## PROBLEM TO WORK ON
Reproduce exactly the lines below from the one containing "Imagem 6: SOBRADO" through the one containing "广西富川艾叶糍粑,富川团子糍粑", including both, and nothing else.

## EXERCISE MATERIAL

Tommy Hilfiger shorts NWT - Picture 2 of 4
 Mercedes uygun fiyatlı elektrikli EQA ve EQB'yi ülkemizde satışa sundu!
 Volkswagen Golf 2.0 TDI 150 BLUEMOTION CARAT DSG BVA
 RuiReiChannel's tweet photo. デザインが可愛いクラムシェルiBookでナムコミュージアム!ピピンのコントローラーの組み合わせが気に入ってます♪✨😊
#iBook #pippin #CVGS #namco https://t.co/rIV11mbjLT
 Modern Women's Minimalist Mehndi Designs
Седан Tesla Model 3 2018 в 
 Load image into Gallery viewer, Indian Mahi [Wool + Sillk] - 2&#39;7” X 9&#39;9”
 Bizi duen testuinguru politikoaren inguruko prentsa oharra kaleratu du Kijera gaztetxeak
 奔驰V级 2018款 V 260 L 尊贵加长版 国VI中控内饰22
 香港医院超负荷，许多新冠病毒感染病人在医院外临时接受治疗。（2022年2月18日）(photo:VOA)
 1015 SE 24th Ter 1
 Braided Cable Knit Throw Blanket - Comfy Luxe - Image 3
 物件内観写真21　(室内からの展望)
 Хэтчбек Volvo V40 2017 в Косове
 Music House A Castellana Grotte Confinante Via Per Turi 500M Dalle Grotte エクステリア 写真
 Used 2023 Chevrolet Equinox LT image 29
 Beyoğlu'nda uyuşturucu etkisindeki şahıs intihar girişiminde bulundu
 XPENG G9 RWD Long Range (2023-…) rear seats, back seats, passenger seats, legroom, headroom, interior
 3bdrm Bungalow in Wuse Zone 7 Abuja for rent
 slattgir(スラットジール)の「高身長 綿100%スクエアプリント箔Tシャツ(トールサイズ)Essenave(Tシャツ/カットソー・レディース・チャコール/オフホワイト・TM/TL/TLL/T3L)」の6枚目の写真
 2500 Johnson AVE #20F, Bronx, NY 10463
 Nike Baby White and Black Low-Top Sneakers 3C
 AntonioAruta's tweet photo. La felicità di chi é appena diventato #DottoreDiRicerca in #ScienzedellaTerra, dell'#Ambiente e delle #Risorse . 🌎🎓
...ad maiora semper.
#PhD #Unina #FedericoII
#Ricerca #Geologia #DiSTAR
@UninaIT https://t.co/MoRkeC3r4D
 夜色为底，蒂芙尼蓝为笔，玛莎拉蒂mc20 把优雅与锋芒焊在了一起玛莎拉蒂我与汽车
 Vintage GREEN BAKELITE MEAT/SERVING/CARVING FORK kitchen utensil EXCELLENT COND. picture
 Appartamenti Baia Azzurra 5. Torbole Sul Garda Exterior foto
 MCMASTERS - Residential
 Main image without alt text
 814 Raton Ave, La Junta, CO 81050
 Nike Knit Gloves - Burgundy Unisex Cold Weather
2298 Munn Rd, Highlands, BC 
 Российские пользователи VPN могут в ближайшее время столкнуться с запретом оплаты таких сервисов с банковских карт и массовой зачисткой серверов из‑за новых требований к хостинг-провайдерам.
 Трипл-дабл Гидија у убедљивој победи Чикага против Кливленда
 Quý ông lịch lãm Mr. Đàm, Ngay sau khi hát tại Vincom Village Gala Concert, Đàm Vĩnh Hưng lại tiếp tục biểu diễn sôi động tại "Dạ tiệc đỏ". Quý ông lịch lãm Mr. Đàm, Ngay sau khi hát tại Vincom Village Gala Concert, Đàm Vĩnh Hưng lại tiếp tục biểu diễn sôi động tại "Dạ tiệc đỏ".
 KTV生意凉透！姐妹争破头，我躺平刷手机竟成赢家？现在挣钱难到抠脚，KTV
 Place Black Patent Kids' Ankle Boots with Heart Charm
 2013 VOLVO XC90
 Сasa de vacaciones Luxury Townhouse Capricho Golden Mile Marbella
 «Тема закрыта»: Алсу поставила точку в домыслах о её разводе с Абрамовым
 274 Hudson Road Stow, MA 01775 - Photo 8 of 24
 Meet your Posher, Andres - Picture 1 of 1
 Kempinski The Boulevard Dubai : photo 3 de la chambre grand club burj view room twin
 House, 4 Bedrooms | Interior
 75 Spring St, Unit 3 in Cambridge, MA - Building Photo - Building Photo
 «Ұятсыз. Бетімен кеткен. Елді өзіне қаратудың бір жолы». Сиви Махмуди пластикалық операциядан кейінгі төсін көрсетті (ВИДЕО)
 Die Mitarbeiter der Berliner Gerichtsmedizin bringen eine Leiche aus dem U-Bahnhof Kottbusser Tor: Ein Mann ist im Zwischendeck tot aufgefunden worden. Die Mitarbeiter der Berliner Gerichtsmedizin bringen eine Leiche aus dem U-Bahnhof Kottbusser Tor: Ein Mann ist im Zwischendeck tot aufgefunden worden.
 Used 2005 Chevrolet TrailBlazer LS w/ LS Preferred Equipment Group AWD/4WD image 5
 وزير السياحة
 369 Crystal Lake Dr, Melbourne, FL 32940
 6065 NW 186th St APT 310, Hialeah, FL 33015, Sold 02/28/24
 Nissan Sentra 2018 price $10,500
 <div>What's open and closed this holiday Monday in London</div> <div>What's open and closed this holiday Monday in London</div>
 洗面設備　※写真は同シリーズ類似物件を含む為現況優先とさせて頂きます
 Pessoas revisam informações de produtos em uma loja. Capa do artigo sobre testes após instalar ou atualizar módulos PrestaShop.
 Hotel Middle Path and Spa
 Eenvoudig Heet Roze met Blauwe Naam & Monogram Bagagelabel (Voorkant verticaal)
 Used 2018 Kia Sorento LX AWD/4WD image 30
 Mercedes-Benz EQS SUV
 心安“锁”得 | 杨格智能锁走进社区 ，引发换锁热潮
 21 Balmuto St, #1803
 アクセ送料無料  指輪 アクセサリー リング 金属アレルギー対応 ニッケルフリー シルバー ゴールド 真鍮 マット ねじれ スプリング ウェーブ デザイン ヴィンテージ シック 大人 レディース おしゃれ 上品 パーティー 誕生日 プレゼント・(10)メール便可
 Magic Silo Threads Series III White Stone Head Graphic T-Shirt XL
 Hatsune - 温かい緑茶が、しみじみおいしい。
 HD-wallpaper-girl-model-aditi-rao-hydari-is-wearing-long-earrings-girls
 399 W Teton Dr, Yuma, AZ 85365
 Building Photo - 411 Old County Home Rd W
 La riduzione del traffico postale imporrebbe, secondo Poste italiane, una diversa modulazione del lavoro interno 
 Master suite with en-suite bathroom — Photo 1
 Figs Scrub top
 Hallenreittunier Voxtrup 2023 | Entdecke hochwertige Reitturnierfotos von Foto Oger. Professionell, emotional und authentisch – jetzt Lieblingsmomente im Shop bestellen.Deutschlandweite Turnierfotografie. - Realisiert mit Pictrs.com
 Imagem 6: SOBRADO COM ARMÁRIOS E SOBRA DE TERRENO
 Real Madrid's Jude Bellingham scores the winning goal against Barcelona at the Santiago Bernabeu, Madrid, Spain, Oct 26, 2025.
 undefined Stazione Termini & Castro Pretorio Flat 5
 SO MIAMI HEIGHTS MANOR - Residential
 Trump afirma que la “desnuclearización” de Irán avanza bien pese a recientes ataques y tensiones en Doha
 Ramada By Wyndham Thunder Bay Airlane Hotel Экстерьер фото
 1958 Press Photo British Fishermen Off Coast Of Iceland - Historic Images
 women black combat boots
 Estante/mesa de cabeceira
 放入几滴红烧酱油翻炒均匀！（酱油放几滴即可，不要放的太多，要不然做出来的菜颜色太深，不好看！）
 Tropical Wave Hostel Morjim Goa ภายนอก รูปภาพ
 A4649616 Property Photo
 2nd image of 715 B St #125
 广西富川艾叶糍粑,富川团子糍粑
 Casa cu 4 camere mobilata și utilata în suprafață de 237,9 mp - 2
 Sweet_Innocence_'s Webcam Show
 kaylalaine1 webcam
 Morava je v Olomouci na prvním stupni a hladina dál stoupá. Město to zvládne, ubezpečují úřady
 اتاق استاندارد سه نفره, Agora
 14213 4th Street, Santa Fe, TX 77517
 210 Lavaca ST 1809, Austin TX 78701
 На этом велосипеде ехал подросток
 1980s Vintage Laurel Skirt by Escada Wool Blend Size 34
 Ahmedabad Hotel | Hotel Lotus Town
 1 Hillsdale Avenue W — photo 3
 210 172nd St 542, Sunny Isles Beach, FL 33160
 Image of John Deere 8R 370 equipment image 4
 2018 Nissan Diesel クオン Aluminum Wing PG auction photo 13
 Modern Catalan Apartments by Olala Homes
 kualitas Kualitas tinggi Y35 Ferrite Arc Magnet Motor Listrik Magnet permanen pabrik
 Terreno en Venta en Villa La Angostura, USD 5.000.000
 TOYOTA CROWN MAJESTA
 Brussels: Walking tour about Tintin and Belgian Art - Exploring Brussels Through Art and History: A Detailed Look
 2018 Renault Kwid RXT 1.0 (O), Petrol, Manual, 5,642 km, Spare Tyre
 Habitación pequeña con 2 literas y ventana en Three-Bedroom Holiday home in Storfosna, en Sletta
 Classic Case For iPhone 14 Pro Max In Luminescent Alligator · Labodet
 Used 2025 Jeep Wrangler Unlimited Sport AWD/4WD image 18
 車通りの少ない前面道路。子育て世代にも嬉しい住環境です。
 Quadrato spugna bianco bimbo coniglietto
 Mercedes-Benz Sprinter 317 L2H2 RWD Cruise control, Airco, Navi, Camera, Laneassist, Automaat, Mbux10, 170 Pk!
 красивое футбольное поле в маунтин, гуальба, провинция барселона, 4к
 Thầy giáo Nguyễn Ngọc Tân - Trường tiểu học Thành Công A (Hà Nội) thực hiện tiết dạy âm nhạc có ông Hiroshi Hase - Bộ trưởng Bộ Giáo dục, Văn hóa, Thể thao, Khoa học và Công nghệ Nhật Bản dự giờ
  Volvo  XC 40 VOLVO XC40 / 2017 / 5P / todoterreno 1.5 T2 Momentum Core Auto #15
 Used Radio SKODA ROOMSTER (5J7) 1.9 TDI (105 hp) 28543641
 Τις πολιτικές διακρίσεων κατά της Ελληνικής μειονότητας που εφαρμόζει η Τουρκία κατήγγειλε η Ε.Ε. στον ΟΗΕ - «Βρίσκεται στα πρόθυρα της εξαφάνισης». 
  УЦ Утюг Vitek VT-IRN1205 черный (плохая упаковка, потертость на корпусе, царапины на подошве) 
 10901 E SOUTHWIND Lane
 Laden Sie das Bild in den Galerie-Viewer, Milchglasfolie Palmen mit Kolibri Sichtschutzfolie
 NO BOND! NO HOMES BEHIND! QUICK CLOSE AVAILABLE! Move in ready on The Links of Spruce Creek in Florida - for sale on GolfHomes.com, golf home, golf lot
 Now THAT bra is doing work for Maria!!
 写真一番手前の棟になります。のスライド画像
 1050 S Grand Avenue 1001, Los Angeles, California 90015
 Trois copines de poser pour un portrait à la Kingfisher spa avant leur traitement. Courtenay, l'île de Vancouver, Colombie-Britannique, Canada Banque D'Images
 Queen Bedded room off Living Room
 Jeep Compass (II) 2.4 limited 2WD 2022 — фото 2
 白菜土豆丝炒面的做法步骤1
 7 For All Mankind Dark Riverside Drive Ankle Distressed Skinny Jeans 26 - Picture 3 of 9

## SOLUTION
 Imagem 6: SOBRADO COM ARMÁRIOS E SOBRA DE TERRENO
 Real Madrid's Jude Bellingham scores the winning goal against Barcelona at the Santiago Bernabeu, Madrid, Spain, Oct 26, 2025.
 undefined Stazione Termini & Castro Pretorio Flat 5
 SO MIAMI HEIGHTS MANOR - Residential
 Trump afirma que la “desnuclearización” de Irán avanza bien pese a recientes ataques y tensiones en Doha
 Ramada By Wyndham Thunder Bay Airlane Hotel Экстерьер фото
 1958 Press Photo British Fishermen Off Coast Of Iceland - Historic Images
 women black combat boots
 Estante/mesa de cabeceira
 放入几滴红烧酱油翻炒均匀！（酱油放几滴即可，不要放的太多，要不然做出来的菜颜色太深，不好看！）
 Tropical Wave Hostel Morjim Goa ภายนอก รูปภาพ
 A4649616 Property Photo
 2nd image of 715 B St #125
 广西富川艾叶糍粑,富川团子糍粑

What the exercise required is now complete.